If you’ve ever heard someone speak rapidly in another language, it is an exercise in learning inflections. The rise and fall of their intonations, the dull tones and light breaks between emotional outbursts, the flat replies of sarcasm, and the half-grin sounds of witty replies. These are all distinguishable in one way or another, even if you can’t understand what they are saying.
For me, life in Japan has been like this evolution of sound. Things came all at once several months ago, a stream of unintelligible sounds and data that rocked my mind. When people spoke, it was a stream of sound, roaring like an unchecked river, uncollected and untamed, brutal to my unaware mind. As time passed this roaring became a light trickle, and every now and then, standing on the banks, I would see the riverbed beneath the stream, moving so slowly I could even reach in to pick out some rocks. These breaks, or trickles, represented the moments my mind learned a few cultural tricks, or a bit of language that allowed me to breathe easy.

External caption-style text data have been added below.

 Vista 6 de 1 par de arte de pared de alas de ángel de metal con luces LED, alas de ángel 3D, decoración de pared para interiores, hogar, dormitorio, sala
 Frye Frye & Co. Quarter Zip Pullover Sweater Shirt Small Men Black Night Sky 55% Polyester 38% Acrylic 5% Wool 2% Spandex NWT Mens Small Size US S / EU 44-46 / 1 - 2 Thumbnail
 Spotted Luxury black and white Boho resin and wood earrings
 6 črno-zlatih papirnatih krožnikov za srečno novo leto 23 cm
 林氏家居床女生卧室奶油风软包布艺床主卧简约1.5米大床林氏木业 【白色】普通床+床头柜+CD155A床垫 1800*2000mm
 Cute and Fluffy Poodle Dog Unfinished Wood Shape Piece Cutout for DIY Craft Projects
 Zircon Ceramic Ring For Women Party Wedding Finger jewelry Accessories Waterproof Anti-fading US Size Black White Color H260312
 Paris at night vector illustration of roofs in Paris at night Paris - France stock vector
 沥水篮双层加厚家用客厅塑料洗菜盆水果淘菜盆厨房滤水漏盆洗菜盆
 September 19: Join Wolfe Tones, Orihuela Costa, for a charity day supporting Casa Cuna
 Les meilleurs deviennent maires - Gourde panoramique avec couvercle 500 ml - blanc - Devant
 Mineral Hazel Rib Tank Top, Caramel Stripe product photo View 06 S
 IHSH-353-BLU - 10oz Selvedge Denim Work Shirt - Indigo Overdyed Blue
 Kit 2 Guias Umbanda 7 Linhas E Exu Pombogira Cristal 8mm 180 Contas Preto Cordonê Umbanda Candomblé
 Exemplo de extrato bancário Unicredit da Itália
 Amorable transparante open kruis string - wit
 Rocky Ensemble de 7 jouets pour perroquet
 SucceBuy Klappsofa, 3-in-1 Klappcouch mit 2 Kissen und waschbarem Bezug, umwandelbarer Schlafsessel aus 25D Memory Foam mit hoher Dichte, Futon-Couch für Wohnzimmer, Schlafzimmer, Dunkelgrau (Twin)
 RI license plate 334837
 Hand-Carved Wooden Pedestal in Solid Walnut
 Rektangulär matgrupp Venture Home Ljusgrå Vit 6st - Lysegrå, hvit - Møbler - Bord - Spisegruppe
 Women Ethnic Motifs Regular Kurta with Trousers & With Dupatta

Then there would come a moment of pain. A moment of frustration wrought by the inability to express myself to communicate with another adult, like the feeling of helplessness in a doctor’s office as he explains things in a stream of sound. They crash, they rage.
Eventually, I could hear words. The stream was no longer unintelligible. When people spoke, even rapidly, I could hear what they were saying. The meaning of course, was lost. But that rush, the sense of despair with the coming of the flood, was gone. On television commercials, in the train or walking on the street, I could hear snippets of conversation…
ことばわ。。。
そですね。。。
何?
ほんとだよ。あのひとわ。。。
Even when people chat near me, I can hear what they are saying, though I am not at the point where I can understand everything. To previously escape this Japanese stream, I would wear headphones, hide in my apartment, and watch all the English media I could handle. My mind buckled under the pressure of my inability to understand what was around me. But now, it seems, I am starting to breathe. When the people around me talk, little lifebuoys pop up through the stream coming from their lips, little things I can hang on to as the days go by. I can use more words and light expressions, and sometimes, in brief moments, there is no stream, and I am standing in an empty riverbed, with nothing but the smooth stones underneath to keep me company.
Maybe the day will come when I am in this riverbed all the time, when I will need no lifebuoys to keep me up as I face the raging torrent that is the Japanese language. When that day comes, how will I breathe? how will I think? I do not know. But I can already see my feet, bare and damp, stepping on the smooth stones, feeling the slightest hint of dirt between my toes. I will smile.